Product Thinking

完璧なMVPは、MVPではない

MVPとは、Minimum Viable Product。最小限の実用可能なプロダクト。

でも、多くの人が誤解している。

「最小限だけど、完璧なプロダクト」だと。違う。

MVPは、恥ずかしいくらいシンプルでいい。

完璧なMVPを作ろうとする

ある起業家が、こう言った。

「MVPを作っています。あと3ヶ月で完成します。」

3ヶ月?それはMVPではない。

MVPは、1週間で作るものだ。長くても1ヶ月。それ以上かかるなら、最小限ではない。

「でも、これがないとユーザーは使えません」
「この機能がないと、価値がありません」
「バグがあると、評判が悪くなります」

そう言って、機能を追加し続ける。デザインを磨き続ける。テストを繰り返す。

気づけば、3ヶ月が経っている。

MVPの目的

MVPの目的は、何か?

完璧なプロダクトを作ることではない。学ぶことだ。

仮説を検証すること。ユーザーの反応を見ること。間違いに早く気づくこと。

完璧なプロダクトを作っても、誰も使わなければ意味がない。

シンプルなプロダクトを作って、使われるか確認する。それがMVPだ。

Dropboxの例

Dropboxの最初のMVPは、プロダクトですらなかった。

ただの動画だった。

創業者のDrew Houstonは、Dropboxがどう動くかを3分の動画で説明した。それだけ。

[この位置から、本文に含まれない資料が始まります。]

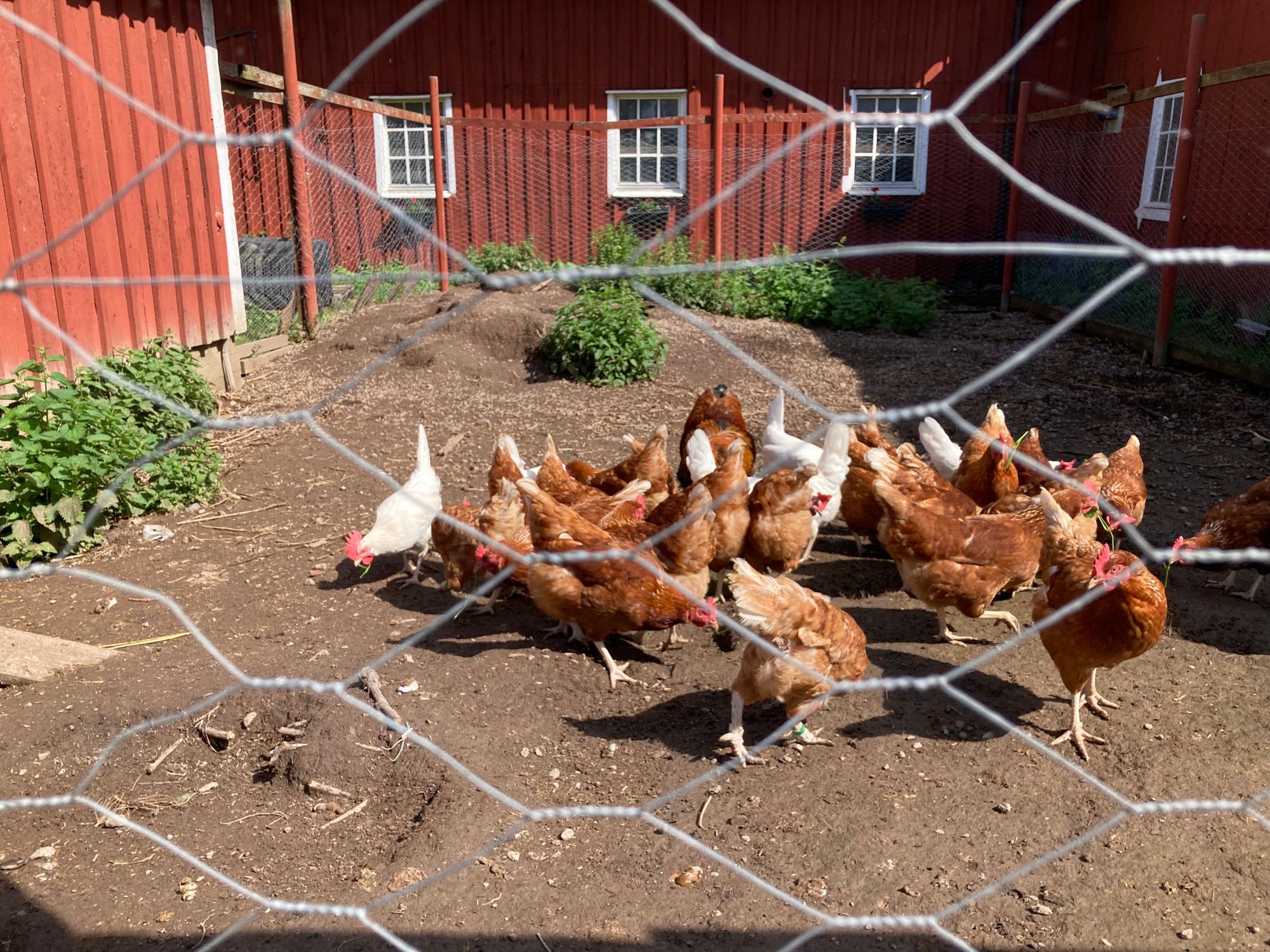 Mysigt hus på landet nära Skara. – bild 4 av 17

でも、その動画を見た人が、ベータ版のウェイティングリストに殺到した。

これで分かった。「需要がある」と。

プロダクトを作る前に、学んだ。これが、MVPだ。

Zapposの例

Zapposは、靴のオンラインショップだ。

でも、最初のMVPは、在庫を持っていなかった。

創業者のNick Swinmurnは、近所の靴屋で靴の写真を撮り、ウェブサイトに載せた。

注文が入ったら、靴屋に行って買い、自分で発送した。

効率は悪い。でも、学べた。「靴をオンラインで買う人がいる」と。

80点で出す勇気

完璧を目指すと、永遠に完成しない。

80点で出す勇気を持て。

80点で出して、ユーザーの反応を見る。残りの20点は、ユーザーと一緒に作ればいい。

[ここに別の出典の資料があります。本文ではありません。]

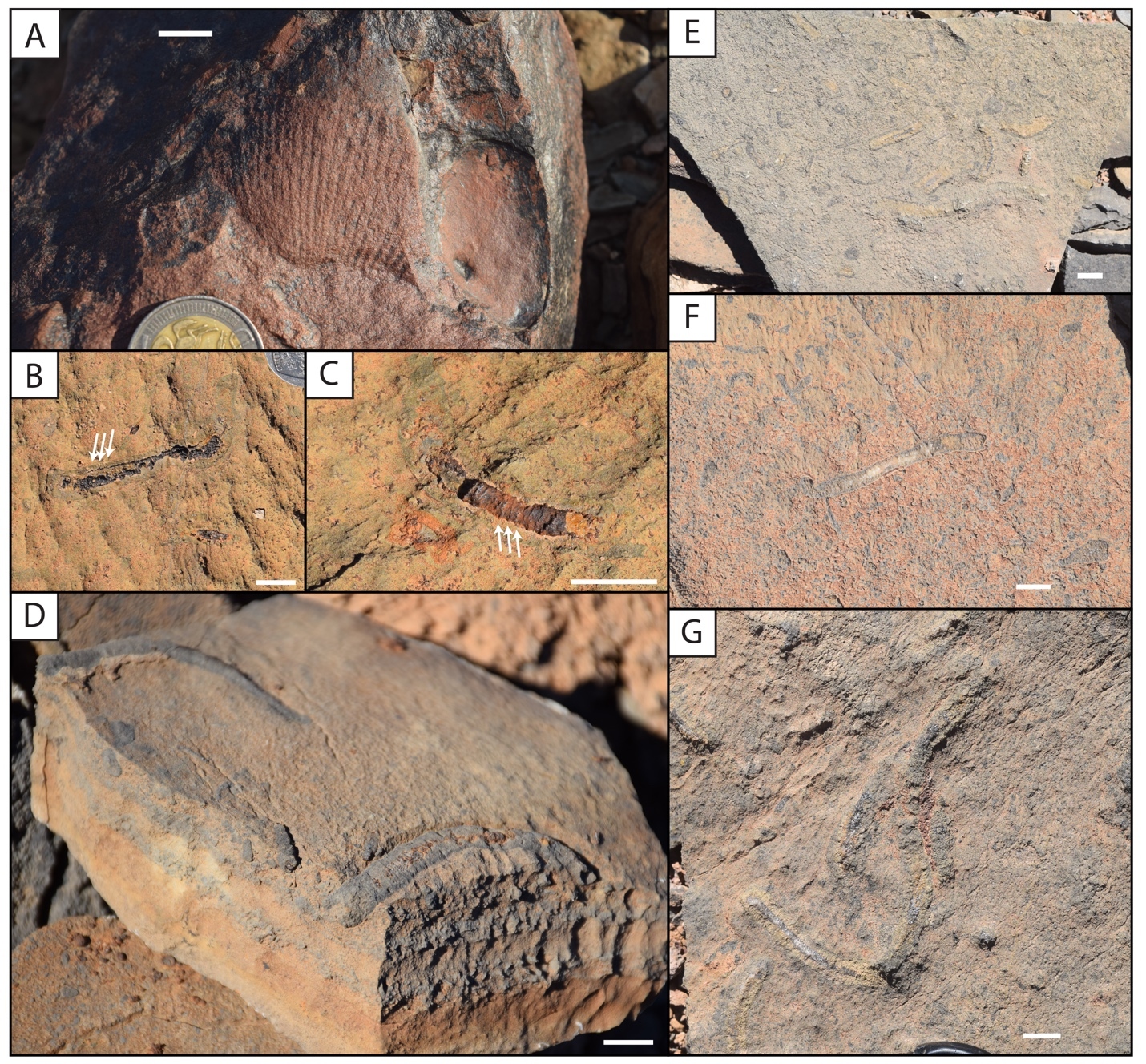 A collage of different rocks AI-generated content may be incorrect.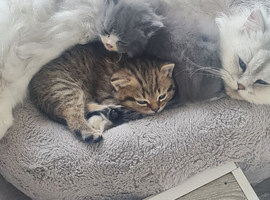Ready now, persian and persian cross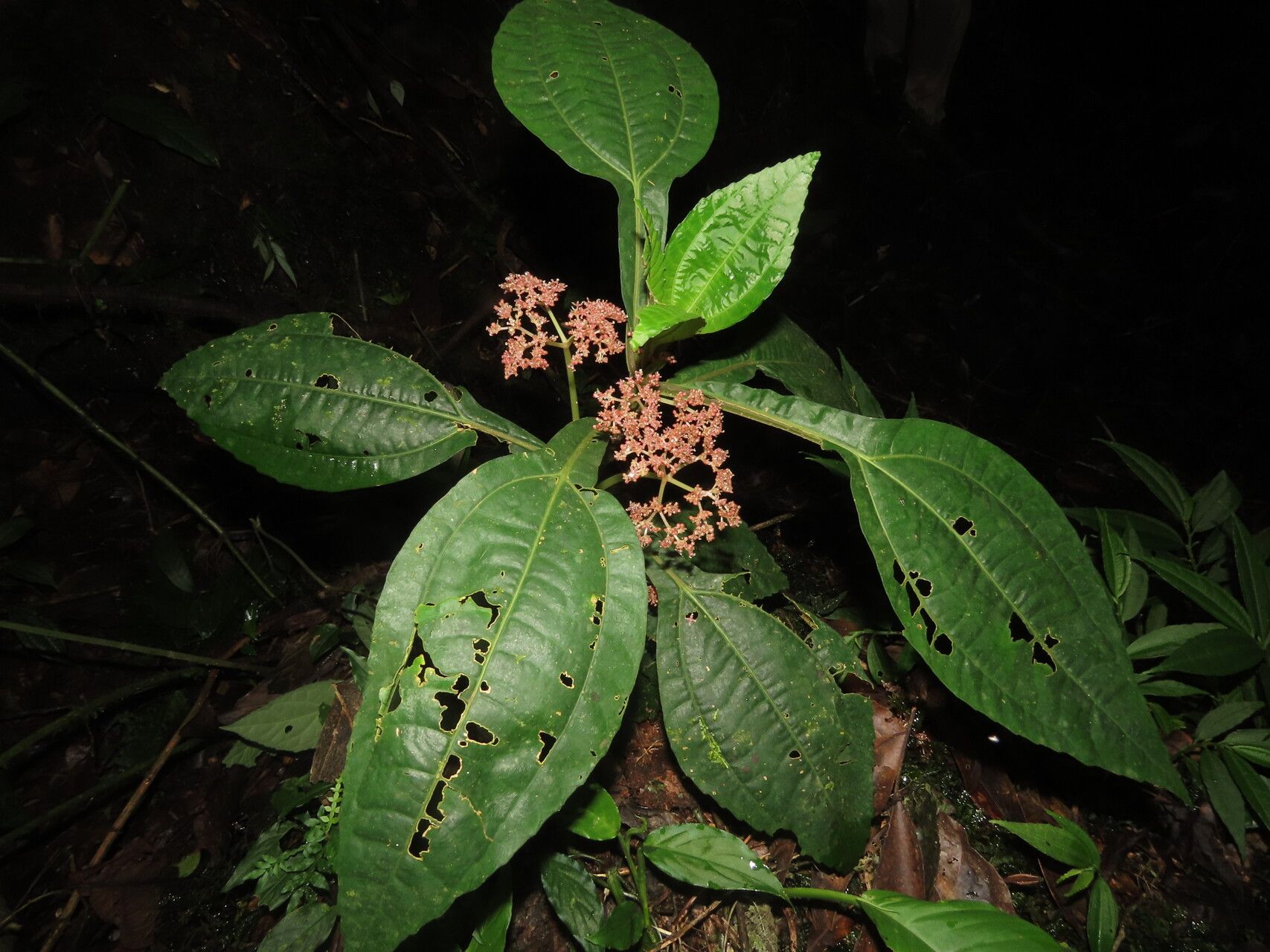 Pilea pteropodon leaf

100点を目指して1年かけるより、80点で出して学ぶ方が速い。

「恥ずかしい」くらいでいい

LinkedInの創業者Reid Hoffmanは、こう言った。

「最初のプロダクトに恥ずかしさを感じないなら、リリースが遅すぎる。」

恥ずかしいくらいシンプルでいい。バグがあってもいい(致命的でなければ)。デザインが粗くてもいい。

重要なのは、速く出して、速く学ぶことだ。

MVPで削るもの

では、MVPで何を削るのか?

「あったら便利」な機能。 必須ではないものは、すべて削る。

完璧なデザイン。 デザインは後から磨ける。最初は機能するだけでいい。

スケーラビリティ。 最初は10人のユーザーでいい。1万人に対応するのは、後で考える。

エッジケース。 95%のユースケースをカバーすればいい。残りの5%は、後で対応する。

MVPで残すもの

削ってばかりではない。残すものもある。

コアバリュー。 このプロダクトの核となる価値。これがないと、意味がない。

1つの問題解決。 1つの問題を確実に解決する。10の問題を中途半端に解決するより、1つを完璧に解決する。

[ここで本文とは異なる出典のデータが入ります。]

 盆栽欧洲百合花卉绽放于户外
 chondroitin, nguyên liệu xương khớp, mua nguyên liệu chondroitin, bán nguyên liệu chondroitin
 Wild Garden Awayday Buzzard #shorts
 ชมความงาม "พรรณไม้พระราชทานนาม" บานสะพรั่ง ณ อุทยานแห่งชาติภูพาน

フィードバックループ。 ユーザーから学べる仕組み。アナリティクス、フィードバックフォーム、ユーザーインタビュー。

MVPの後

MVPを出したら、終わりではない。そこから学ぶ。

ユーザーは使っているか?どこでつまずいているか?どの機能が使われているか?

データを見て、ユーザーと話して、学ぶ。そして、次のバージョンを作る。

これを繰り返す。

完璧を待つな

完璧なプロダクトは、存在しない。

完璧を待っていたら、永遠に出せない。

80点で出せ。恥ずかしいくらいシンプルでいい。そして、速く学べ。

完璧なMVPは、MVPではない。